The novelty of our finding lies in the illustration of the significant association of DOCK8/KANK1 with multiple neuropsychiatric diseases. In the CNV study of Coe et al. [60] for intellectual disability, developmental delay, and/or ASD, DOCK8 is nominally significant for deletions (P = 0.000281) but not duplications. In the recent CNV study of schizophrenia by Marshall et al. [42], DMRT1, which is at the same cytoband of 9p24.3, was reported to be a novel CNV-containing gene significantly associated with schizophrenia in the test for a combined (deletion + duplication) CNV analysis. The reported DMRT1 CNV locus (chr9:831690–959090, hg18) is more than 400 kb downstream of the DOCK8/KANK1 region found in our study. In addition, the DOCK8/KANK1 region is not highly prone to CNV in the general population. In our study, 0.25% or less of the control subjects carry DOCK8/KANK1 duplications in each cohort. The Database of Genomic Variants (DGV) [61] shows 65 duplications in the DOCK8 gene. Among them, 33 were reported in CNV studies of developmental delay [60, 62], and 32 duplications in DOCK8 were reported from other CNV population studies. This is also similar to another gene, NRXN1, the deletion of which is significantly associated with schizophrenia [63]. A total of 144 deletions/loss were reported in DGV for the NRXN1 gene, among which 45 were reported in the CNV studies of developmental delay and the remaining 99 were from other CNV population studies. Therefore, the significant association in the meta-analysis reflects its potential contribution to the pathology of neurodevelopmental/psychiatric disorders. In addition, the novelty of our finding lies in the identification of the significant association of DOCK8 duplication with multiple neurodevelopmental/psychiatric disorders across cohorts (association P < 0.01 for four out of five cohorts), implicating its common role as a risk locus for these diseases.

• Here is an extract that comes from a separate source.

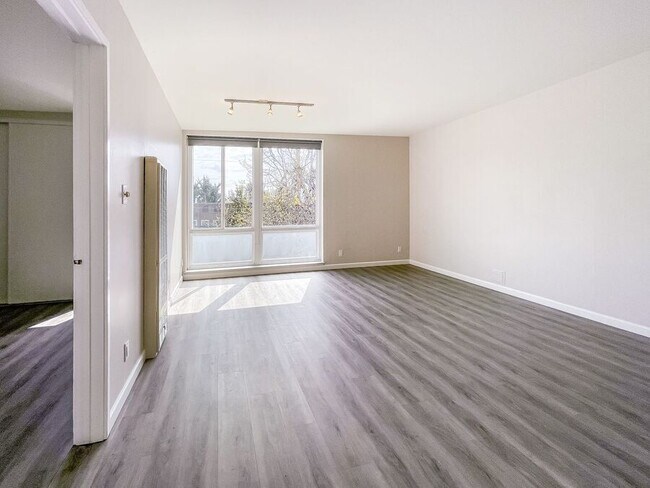 Building Photo - 450 Alcatraz Ave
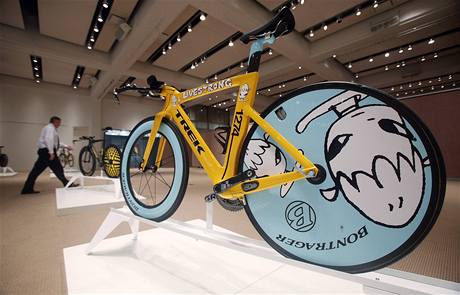 Lance Armstrong a jeho kola. est svtoznámých umlc si vzalo do parády Armstrongova závodní kola. Na snímku výtvor Yoshitoma Nary.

To compensate for the incomplete overlapping in SNP coverage between study cohorts, we conducted gene-based meta-analysis, which has been widely adopted in both common and rare variant analyses. One caveat is that CNV overlaps with different gene regions might not have the same effect on the expression of the gene. Some may result in frame shifts and the complete loss of function of the gene and some may have minor effects on the gene. Nevertheless, the biological function of each gene is maintained in a fine balanced state for cellular activities. Even minor perturbation of its expression could lead to pathological consequences. The discovery of CNVs in DOCK8 and KANK1 across all five diseases not only adds to the growing catalog of neurodevelopmental variants but also paves the way for new diagnostics opportunities and interventions which could be applied across multiple clinical indications. However, functional studies are needed to better understand the biological effect of these variations.

Conclusions

With the growing awareness of the high impact of childhood psychiatric conditions comes the important need for large-scale genetic studies and a unified picture of the catalog of rare variants underlying these conditions. We have undertaken the unprecedented step to meta-analyze CNVs across five neurodevelopmental/psychiatric diseases and have uncovered significant structural variation at the DOCK8/KANK1 locus shared by these diseases, emphasizing the common genetic component involved in the pathogenesis of neuropsychiatric disorders.